__WORK INSTRUCTIONS__: Return each entry word for word. Leave the images out.

== DATA SHOWN

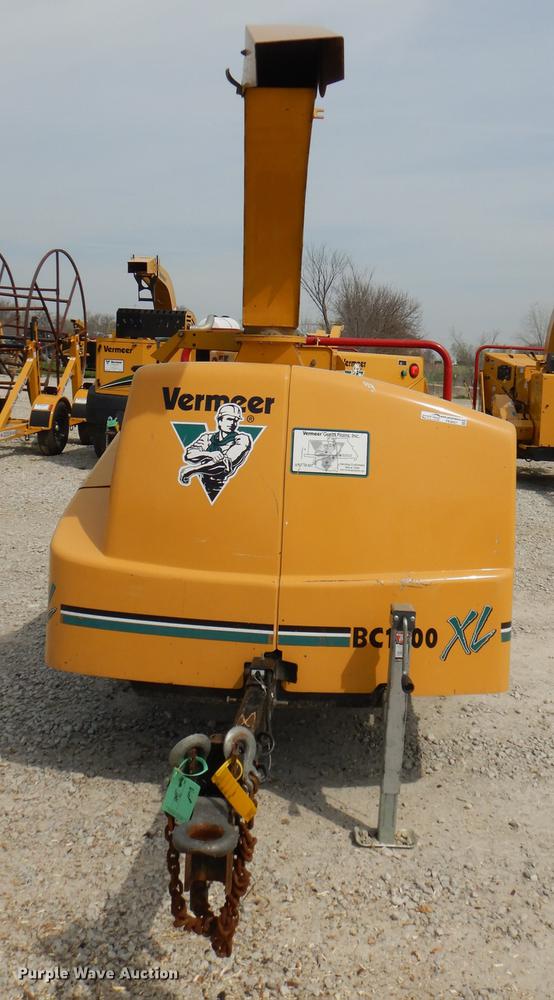 image for item FK9057 2005 Vermeer BC1000XL wood chipper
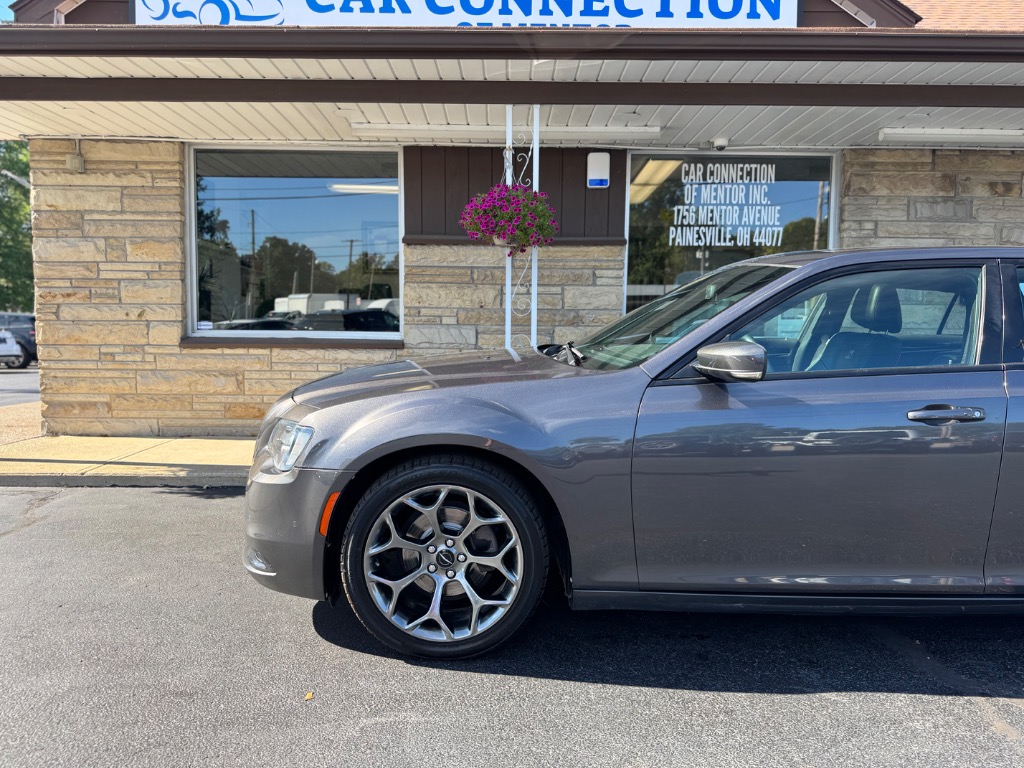 Photo 4 of 2017 Chrysler 300 300S RWD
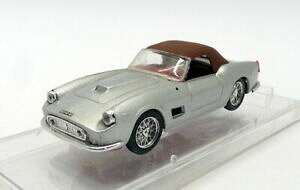 yzzr[ ͌^ fJ[ XP[fJ[tF[XpC_[vitesse 143 scale model car 142ferrari 250 spyder californiasilver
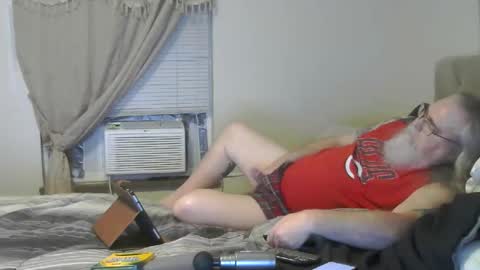 Snapshot of jamielove1975 chatting on April 2026 02:12:02 AM jamielove1975 online show from April 2026 02:12:02 AM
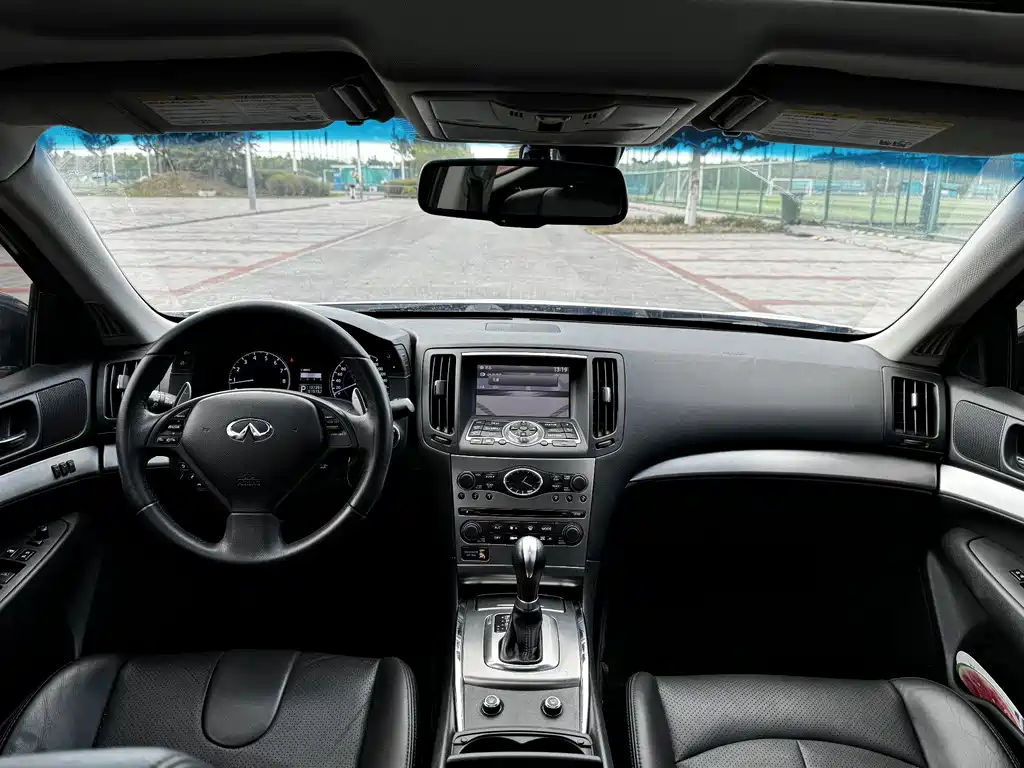 Infiniti G — миниатюра 11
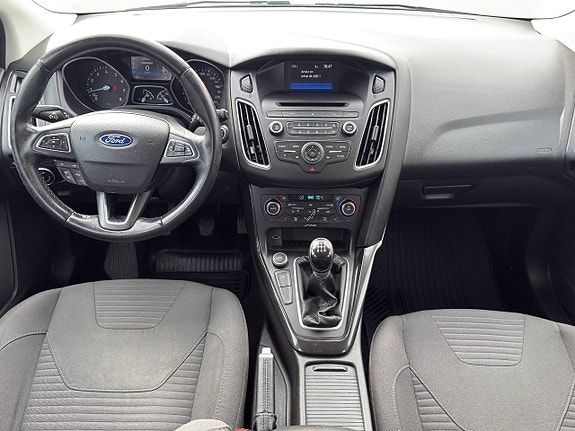 Ford Focus 11 of 15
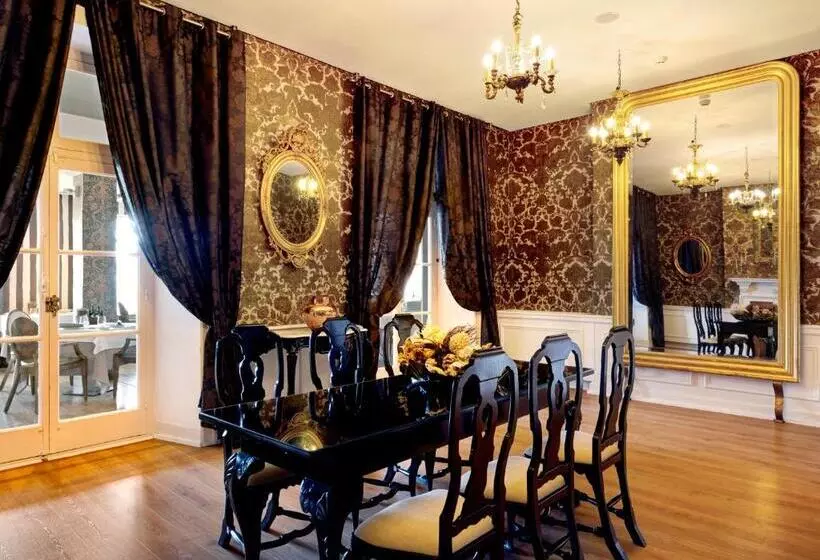 ホテル Catalonia Reina Victoria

====

__RESULT__:
 image for item FK9057 2005 Vermeer BC1000XL wood chipper
 Photo 4 of 2017 Chrysler 300 300S RWD
 yzzr[ ͌^ fJ[ XP[fJ[tF[XpC_[vitesse 143 scale model car 142ferrari 250 spyder californiasilver
 Snapshot of jamielove1975 chatting on April 2026 02:12:02 AM jamielove1975 online show from April 2026 02:12:02 AM
 Infiniti G — миниатюра 11
 Ford Focus 11 of 15
 ホテル Catalonia Reina Victoria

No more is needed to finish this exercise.